Since this was the first flight of a new launch vehicle, the US Air Force had estimated the overall probability of failure on the mission was nearly fifty percent. ^[19] As it turned out, the mission was successful, as was each of the next 13 Falcon 9 v1.1 missions before a launch vehicle failure and loss of mission occurred on the SpaceX CRS-7 International Space Station resupply mission in June 2015. ^[20]

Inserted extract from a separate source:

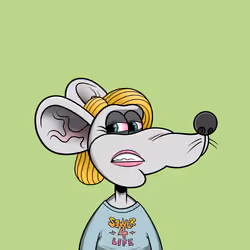 Sewer Rat 7286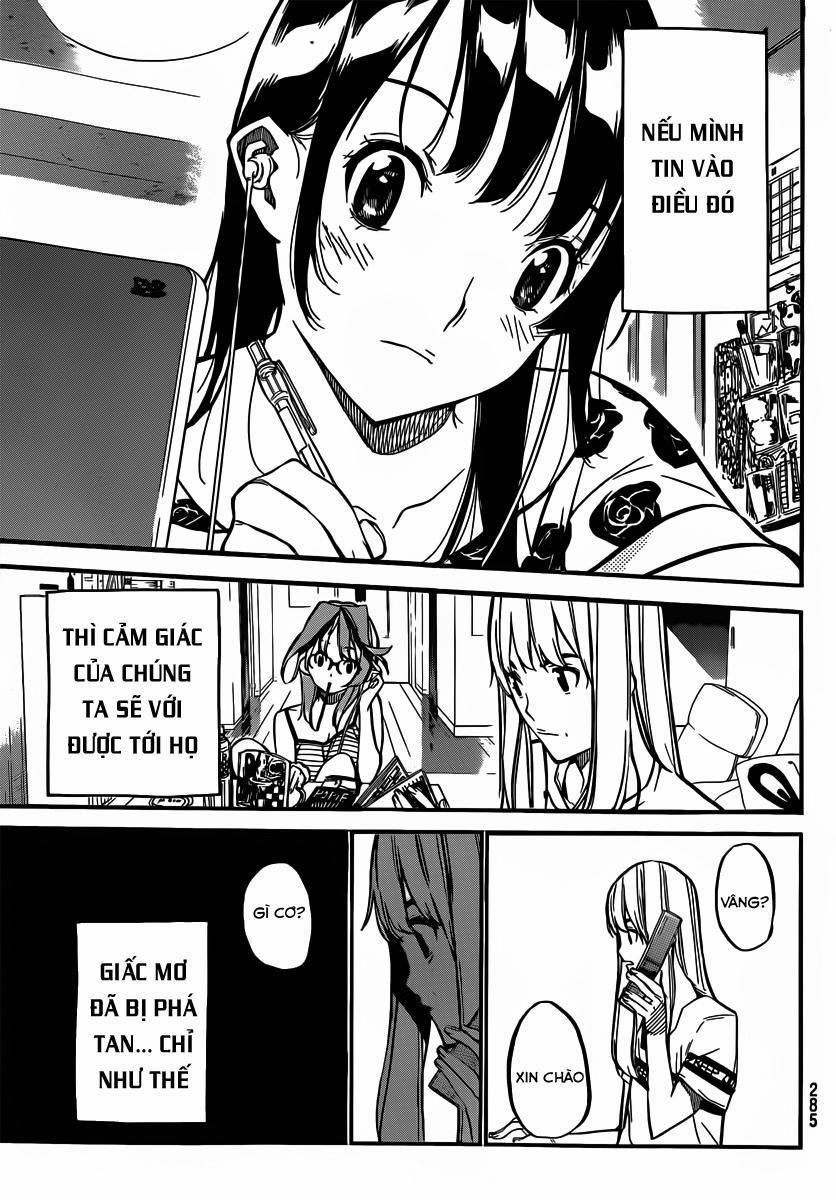 Akb49 - Renai Kinshi Jourei 129 trang 19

The satellite was launched on September 29, 2013. ^[21] This was SpaceX's first-ever launch of a Falcon 9 from Vandenberg Air Force Base in California. It was also SpaceX's first Falcon 9 launch into a polar orbit and the first time that a Falcon 9 launched with payload fairings instead of a Dragon spacecraft on top. ^[22] The Falcon 9 upper stage used to launch CASSIOPE was left derelict in a decaying elliptical low-Earth orbit that entered the atmosphere on February 8, 2025 with its final perigee of 135 km (84 mi) and an apogee of 161 km (100 mi). ^[23]

Post-mission launch vehicle testing

Main article: SpaceX reusable launch system development program

After the second stage separated from the booster stage, SpaceX tested the booster in an attempt to re-enter the lower atmosphere in a controlled manner and decelerate to a simulated over-water landing. ^[24] Three minutes into the launch, the booster stage attitude was reversed, and three of the nine engines refired at high altitude, as planned, to initiate the deceleration and controlled descent trajectory to the surface of the ocean. The first phase of the test worked well and the first stage re-entered safely. ^[21] However, the first stage began to roll due to aerodynamic forces during the descent through the atmosphere, and the roll rate exceeded the capabilities of the booster attitude control system (ACS) to null it out. The fuel in the tanks centrifuged to the outside of the tank and the single engine involved in the low-altitude deceleration maneuver shut down. Debris from the first stage was subsequently retrieved from the ocean. ^[21]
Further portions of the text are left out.